El único principio de distinción deseado por el Concilio está expresado por la fórmula de inspiración evangélica: “Manténgase sólo la diversidad de personas que exija la diversidad de obras a que se destinen las hermanas, ya sea por especial vocación de Dios, ya por su especial aptitud”. ¿Por qué este principio no valdrá para todo Instituto religioso?

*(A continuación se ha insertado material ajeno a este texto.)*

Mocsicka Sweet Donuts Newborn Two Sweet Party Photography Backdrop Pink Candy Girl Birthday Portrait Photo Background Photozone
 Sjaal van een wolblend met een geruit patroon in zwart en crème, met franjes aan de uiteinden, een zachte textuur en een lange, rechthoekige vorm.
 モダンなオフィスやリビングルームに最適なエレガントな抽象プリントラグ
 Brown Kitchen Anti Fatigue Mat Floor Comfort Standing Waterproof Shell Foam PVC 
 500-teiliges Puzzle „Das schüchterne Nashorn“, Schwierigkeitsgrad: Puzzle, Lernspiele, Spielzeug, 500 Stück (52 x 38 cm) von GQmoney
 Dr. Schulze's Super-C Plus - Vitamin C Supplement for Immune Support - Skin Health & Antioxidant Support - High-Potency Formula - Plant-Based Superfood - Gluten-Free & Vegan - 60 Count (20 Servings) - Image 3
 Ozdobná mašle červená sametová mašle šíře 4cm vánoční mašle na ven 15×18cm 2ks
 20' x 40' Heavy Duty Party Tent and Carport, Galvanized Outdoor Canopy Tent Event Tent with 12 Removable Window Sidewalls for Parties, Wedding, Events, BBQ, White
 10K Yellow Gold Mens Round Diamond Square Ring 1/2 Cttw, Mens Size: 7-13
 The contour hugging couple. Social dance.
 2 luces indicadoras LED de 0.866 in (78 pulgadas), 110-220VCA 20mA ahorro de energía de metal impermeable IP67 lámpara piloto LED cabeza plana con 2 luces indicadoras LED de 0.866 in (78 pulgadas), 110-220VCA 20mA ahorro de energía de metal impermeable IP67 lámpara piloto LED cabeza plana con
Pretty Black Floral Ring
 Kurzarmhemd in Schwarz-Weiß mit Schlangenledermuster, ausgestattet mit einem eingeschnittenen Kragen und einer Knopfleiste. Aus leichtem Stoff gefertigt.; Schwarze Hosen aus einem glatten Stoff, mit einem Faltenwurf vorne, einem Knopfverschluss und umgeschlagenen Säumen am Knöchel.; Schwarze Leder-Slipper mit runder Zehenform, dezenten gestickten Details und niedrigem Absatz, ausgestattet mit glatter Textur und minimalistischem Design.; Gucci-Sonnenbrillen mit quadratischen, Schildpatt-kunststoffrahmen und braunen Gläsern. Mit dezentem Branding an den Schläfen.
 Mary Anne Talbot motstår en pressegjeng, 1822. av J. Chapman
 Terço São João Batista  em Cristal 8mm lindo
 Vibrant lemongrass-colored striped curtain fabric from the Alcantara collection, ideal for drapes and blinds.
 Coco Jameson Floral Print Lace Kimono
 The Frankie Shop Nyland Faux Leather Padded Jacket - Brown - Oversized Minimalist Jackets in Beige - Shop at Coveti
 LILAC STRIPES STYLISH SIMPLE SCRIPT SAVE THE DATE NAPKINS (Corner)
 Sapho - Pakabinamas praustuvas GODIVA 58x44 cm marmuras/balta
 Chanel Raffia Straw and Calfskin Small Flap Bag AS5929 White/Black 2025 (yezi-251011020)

Tal es uno de los grandes ejes que el decreto Perfectae Caritatis ofrece a la renovación de la vida religiosa. Los hemos presentado situándolo en su contexto histórico. El decreto no da respuestas a todos los problemas que tiene hoy la vida religiosa. Alguien podrá encontrar algún tono de timidez o compromiso en alguno de sus términos. Pero esto amplía el margen de iniciativa a cargo de las congregaciones religiosas. El texto es un punto de partida lleno de promesas, sin cerrar ninguna puerta. A los teólogos y a los religiosos toca hacer el camino que el poder del Espíritu en el Concilio señaló a la Iglesia.





Notas:

(*) Comentario del Nr. 15 del Decreto “Perfectae Caritatis”; condensado de un capítulo del libro L’Adoption et Rénovation de la vie religieuse de Tillar y Congar op, Paris 1967, p. 146-157. Traducción de Alberto Boselli sj.









Boletín de espiritualidad Nr. 4, p. 7-9.